Data supplied:
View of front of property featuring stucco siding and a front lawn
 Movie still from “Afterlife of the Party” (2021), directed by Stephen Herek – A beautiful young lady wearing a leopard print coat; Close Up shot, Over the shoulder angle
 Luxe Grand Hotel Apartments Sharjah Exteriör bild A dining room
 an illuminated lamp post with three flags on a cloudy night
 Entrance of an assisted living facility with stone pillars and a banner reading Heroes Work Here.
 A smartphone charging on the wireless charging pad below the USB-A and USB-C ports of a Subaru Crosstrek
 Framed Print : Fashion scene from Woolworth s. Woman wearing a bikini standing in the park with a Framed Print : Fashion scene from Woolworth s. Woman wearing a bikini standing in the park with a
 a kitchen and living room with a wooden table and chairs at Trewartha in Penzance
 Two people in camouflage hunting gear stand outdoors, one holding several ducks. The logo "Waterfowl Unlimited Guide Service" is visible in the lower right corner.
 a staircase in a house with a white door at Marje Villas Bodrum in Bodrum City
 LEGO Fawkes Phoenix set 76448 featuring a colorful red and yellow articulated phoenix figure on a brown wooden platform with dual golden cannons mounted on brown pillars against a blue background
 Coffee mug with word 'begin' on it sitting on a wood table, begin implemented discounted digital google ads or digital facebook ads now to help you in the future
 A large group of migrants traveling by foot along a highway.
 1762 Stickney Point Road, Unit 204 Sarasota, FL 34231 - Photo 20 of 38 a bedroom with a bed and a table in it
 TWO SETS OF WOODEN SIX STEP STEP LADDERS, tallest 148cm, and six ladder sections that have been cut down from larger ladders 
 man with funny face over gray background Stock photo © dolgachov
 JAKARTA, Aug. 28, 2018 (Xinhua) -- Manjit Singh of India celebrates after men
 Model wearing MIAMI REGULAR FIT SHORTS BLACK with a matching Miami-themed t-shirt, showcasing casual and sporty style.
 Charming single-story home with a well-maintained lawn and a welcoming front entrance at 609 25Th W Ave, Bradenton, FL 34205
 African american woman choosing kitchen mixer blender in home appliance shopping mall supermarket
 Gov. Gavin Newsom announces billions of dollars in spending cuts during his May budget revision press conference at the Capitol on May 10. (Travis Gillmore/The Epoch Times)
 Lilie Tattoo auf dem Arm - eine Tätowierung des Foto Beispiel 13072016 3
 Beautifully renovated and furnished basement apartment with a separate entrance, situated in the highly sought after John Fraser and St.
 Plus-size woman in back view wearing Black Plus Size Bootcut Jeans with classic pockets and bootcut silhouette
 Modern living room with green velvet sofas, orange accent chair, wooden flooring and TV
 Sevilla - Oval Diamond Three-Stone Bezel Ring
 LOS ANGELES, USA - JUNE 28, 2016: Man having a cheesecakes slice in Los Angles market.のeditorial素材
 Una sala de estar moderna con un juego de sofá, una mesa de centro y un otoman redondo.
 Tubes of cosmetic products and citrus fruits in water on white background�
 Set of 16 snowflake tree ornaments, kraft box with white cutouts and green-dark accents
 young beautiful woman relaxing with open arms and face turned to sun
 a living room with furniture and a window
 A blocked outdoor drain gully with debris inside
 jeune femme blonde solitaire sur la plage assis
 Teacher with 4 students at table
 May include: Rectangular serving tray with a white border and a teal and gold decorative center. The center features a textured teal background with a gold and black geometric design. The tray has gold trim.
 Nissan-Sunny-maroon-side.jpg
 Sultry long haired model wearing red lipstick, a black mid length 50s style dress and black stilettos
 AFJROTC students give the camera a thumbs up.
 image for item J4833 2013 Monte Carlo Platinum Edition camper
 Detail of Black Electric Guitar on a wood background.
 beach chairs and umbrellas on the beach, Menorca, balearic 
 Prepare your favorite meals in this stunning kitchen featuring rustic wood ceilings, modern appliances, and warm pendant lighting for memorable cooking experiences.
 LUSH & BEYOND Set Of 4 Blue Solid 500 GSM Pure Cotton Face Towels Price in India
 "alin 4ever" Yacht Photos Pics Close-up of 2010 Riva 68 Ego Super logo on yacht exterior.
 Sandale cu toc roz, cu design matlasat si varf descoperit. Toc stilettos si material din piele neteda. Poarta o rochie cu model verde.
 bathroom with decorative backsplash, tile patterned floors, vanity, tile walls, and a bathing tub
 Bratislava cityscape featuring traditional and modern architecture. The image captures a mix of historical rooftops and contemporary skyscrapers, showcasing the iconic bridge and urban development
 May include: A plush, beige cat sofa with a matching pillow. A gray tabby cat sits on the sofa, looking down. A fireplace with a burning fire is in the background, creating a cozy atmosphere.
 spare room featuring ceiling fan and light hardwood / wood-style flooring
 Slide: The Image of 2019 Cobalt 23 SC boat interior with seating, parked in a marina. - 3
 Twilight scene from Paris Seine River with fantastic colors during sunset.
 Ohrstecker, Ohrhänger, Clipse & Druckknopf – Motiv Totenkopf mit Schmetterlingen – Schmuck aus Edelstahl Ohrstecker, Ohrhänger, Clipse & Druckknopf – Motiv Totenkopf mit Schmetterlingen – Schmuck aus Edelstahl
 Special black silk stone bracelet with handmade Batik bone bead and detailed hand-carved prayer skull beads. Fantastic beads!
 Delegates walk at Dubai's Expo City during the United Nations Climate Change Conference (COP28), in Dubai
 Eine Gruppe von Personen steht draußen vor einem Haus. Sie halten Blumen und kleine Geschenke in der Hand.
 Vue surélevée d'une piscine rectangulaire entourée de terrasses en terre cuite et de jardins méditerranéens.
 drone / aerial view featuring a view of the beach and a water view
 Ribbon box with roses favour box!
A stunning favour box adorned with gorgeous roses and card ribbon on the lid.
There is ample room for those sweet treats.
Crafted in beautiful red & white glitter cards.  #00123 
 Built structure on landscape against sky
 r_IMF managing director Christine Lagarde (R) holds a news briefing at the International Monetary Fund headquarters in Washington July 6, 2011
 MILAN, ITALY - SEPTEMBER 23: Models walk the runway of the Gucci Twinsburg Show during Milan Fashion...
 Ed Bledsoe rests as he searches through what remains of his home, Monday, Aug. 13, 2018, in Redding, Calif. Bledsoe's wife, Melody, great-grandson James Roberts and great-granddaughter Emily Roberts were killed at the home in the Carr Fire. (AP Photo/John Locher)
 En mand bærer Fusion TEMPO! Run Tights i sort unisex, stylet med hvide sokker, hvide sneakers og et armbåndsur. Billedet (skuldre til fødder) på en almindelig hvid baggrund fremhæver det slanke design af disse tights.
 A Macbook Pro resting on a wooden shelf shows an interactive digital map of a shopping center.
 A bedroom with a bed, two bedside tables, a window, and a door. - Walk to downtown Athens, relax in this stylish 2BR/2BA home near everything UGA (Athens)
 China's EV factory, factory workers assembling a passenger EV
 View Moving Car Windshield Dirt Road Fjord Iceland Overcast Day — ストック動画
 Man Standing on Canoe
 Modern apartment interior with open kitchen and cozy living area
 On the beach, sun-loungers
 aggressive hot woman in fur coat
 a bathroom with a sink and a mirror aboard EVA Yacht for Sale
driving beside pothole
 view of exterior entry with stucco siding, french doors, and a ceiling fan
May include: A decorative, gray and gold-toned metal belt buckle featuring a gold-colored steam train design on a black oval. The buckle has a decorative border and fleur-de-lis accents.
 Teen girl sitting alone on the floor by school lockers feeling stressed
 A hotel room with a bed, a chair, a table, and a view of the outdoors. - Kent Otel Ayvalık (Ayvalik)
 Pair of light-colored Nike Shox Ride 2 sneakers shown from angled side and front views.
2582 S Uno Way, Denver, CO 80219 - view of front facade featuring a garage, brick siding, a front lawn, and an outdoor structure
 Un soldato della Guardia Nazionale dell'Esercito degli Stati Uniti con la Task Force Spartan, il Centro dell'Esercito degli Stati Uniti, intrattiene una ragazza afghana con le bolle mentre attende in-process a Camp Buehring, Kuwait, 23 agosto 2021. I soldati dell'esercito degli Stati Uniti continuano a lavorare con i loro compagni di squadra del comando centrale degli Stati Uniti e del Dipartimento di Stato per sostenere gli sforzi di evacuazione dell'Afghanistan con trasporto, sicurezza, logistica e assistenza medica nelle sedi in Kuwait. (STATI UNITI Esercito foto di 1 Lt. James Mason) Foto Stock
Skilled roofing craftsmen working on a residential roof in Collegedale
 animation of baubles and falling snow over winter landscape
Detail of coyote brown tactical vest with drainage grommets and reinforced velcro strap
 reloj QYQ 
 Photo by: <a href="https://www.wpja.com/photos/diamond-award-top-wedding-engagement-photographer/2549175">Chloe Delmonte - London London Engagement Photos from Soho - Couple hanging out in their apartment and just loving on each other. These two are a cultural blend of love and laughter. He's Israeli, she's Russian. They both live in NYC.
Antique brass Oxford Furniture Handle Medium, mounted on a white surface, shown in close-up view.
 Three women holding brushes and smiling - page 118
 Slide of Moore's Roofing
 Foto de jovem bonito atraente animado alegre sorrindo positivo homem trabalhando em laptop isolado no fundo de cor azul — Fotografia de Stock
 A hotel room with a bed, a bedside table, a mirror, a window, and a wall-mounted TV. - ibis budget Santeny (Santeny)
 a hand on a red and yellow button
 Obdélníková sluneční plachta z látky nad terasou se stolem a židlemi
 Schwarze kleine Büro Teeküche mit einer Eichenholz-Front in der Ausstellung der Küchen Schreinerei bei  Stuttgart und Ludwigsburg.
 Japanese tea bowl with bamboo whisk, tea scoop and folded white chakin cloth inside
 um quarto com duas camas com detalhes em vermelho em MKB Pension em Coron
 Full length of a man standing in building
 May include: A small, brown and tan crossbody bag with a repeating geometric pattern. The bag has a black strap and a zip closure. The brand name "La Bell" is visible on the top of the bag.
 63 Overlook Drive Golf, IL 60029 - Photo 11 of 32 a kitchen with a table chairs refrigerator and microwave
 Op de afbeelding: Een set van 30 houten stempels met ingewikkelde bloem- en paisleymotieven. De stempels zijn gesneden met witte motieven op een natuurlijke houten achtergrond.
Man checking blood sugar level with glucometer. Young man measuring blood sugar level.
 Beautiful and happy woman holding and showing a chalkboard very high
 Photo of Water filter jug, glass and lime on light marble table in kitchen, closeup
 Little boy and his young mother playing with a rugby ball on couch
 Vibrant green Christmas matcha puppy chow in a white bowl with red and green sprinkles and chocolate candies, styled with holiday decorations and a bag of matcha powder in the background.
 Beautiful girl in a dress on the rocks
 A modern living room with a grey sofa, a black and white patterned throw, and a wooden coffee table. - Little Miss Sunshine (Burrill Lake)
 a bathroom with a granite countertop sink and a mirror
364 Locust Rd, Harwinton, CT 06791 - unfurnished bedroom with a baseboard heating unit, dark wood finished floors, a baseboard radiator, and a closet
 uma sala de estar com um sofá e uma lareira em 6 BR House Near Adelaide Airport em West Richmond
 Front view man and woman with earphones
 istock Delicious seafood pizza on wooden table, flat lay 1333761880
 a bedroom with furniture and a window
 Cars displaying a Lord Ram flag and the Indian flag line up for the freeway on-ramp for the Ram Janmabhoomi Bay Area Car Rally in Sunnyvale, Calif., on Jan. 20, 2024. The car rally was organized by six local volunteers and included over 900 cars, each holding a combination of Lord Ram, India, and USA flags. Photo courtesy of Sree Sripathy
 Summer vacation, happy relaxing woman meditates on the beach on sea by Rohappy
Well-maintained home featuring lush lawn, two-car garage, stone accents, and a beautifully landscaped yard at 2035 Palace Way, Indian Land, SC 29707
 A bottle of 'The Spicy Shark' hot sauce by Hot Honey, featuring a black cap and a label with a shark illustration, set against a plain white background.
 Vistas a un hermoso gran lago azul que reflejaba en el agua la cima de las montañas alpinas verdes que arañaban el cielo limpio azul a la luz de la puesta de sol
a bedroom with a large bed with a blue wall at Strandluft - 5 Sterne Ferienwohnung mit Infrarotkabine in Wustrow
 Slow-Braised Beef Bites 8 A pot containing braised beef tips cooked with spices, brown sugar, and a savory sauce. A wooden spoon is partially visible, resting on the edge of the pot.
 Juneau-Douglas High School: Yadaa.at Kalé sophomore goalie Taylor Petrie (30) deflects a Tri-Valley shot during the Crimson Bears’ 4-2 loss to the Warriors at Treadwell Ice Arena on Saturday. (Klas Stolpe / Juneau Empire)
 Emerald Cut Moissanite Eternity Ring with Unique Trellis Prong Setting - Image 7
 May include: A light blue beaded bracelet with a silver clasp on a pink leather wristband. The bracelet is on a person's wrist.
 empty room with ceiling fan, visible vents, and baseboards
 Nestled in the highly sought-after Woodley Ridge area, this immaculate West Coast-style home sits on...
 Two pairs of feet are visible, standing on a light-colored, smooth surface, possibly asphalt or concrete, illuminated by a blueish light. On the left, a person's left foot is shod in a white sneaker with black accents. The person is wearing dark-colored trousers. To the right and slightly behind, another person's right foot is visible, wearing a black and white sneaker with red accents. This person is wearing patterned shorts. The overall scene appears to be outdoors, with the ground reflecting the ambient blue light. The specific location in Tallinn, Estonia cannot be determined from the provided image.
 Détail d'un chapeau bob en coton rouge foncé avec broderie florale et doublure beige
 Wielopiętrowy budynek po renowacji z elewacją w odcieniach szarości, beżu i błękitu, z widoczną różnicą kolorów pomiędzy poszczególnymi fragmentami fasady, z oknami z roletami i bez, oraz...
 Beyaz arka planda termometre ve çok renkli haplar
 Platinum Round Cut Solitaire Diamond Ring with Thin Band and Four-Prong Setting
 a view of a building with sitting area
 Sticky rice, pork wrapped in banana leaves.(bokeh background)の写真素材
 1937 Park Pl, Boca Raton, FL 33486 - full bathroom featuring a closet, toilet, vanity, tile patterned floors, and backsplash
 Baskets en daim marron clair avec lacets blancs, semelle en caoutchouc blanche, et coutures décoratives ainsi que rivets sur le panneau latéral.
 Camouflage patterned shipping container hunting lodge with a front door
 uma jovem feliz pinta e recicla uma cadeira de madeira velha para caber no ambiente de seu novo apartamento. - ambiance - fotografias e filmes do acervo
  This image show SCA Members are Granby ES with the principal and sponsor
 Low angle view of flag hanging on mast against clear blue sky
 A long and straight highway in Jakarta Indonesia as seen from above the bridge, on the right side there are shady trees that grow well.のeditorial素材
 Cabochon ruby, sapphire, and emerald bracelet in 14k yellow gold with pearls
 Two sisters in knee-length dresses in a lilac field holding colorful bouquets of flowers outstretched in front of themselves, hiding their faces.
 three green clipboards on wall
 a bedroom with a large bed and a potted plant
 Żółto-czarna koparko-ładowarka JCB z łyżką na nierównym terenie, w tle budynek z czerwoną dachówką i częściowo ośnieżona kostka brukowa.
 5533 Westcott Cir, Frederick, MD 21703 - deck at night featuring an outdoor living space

What you need to do:
All lines in the listing above from the line containing "beach chairs and" to the line containing "Delegates walk at", inclusive, should be retyped exactly; no other lines should appear.

Solved exercise:
 beach chairs and umbrellas on the beach, Menorca, balearic 
 Prepare your favorite meals in this stunning kitchen featuring rustic wood ceilings, modern appliances, and warm pendant lighting for memorable cooking experiences.
 LUSH & BEYOND Set Of 4 Blue Solid 500 GSM Pure Cotton Face Towels Price in India
 "alin 4ever" Yacht Photos Pics Close-up of 2010 Riva 68 Ego Super logo on yacht exterior.
 Sandale cu toc roz, cu design matlasat si varf descoperit. Toc stilettos si material din piele neteda. Poarta o rochie cu model verde.
 bathroom with decorative backsplash, tile patterned floors, vanity, tile walls, and a bathing tub
 Bratislava cityscape featuring traditional and modern architecture. The image captures a mix of historical rooftops and contemporary skyscrapers, showcasing the iconic bridge and urban development
 May include: A plush, beige cat sofa with a matching pillow. A gray tabby cat sits on the sofa, looking down. A fireplace with a burning fire is in the background, creating a cozy atmosphere.
 spare room featuring ceiling fan and light hardwood / wood-style flooring
 Slide: The Image of 2019 Cobalt 23 SC boat interior with seating, parked in a marina. - 3
 Twilight scene from Paris Seine River with fantastic colors during sunset.
 Ohrstecker, Ohrhänger, Clipse & Druckknopf – Motiv Totenkopf mit Schmetterlingen – Schmuck aus Edelstahl Ohrstecker, Ohrhänger, Clipse & Druckknopf – Motiv Totenkopf mit Schmetterlingen – Schmuck aus Edelstahl
 Special black silk stone bracelet with handmade Batik bone bead and detailed hand-carved prayer skull beads. Fantastic beads!
 Delegates walk at Dubai's Expo City during the United Nations Climate Change Conference (COP28), in Dubai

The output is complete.